Gema mengangguk pelan, meski rasa takut masih membelenggu. Dia tahu bahwa ini hanya awal dari perjalanan yang panjang dan penuh bahaya. Tetapi dengan Jaka Tandingan di sisinya, dia merasa ada sedikit harapan yang tersisa.

Mereka mulai berjalan menjauh dari desa, meninggalkan rumahnya yang kini hanya menjadi puing-puing dan kenangan yang tak mungkin dilupakan. Di belakang mereka, api terus membakar, seolah-olah ingin menghapus semua jejak dari kehidupan yang pernah ada di sana.

“Gema,” Jaka berkata saat mereka berjalan, “kau harus tahu bahwa apa yang terjadi malam ini hanyalah permulaan. Dunia ini berada di ambang kehancuran, dan hanya kau yang bisa menghentikannya.”

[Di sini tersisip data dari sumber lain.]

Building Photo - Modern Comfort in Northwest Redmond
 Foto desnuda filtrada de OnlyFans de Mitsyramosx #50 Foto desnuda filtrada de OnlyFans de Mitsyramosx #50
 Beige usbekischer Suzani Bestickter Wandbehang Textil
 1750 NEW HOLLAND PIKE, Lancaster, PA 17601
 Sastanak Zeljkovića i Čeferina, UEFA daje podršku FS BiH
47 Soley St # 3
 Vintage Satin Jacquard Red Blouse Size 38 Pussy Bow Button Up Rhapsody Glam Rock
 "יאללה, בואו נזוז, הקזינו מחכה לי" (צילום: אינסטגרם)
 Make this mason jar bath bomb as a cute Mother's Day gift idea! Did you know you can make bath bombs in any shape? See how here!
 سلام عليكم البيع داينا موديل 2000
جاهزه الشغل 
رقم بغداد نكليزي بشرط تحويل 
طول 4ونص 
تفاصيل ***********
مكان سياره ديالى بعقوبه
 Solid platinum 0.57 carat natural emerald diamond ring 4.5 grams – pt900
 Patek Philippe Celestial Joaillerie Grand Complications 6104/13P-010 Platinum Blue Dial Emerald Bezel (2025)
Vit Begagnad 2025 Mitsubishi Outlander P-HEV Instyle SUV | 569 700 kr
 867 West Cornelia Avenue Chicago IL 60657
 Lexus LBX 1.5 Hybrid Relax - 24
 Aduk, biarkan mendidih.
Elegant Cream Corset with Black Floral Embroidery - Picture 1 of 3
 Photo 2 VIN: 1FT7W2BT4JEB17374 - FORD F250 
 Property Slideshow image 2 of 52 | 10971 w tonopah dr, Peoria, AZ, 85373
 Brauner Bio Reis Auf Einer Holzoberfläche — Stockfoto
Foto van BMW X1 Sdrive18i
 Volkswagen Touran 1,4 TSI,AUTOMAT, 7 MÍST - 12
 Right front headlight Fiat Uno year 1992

Gema terdiam, mencerna kata-kata itu. Beban di pundaknya terasa semakin berat, namun dia tahu dia tidak bisa mundur lagi. Dunia yang hancur dan dua benua yang terus berperang membutuhkan sosok yang bisa menyatukan mereka, meski itu berarti harus mengorbankan segalanya.

“Aku akan melakukannya, Jaka,” kata Gema akhirnya, meski dengan suara yang nyaris tak terdengar. “Aku akan menghentikan perang ini. Untuk ibuku, untuk desa ini, dan untuk dunia yang lebih baik.”

Jaka Tandingan tersenyum tipis, meski matanya tetap waspada. “Itulah semangat yang kubutuhkan darimu. Kita akan melakukannya bersama, Gema. Kau dan aku, kita akan menaklukkan semua rintangan yang ada di depan.”

Malam itu, di bawah hujan yang masih mengguyur, Gema Pratama melangkah pergi dari desa yang telah menjadi kuburan bagi ibu tercintanya. Dia berjalan dengan hati yang terluka, namun dengan tekad yang mulai tumbuh di dalam dirinya.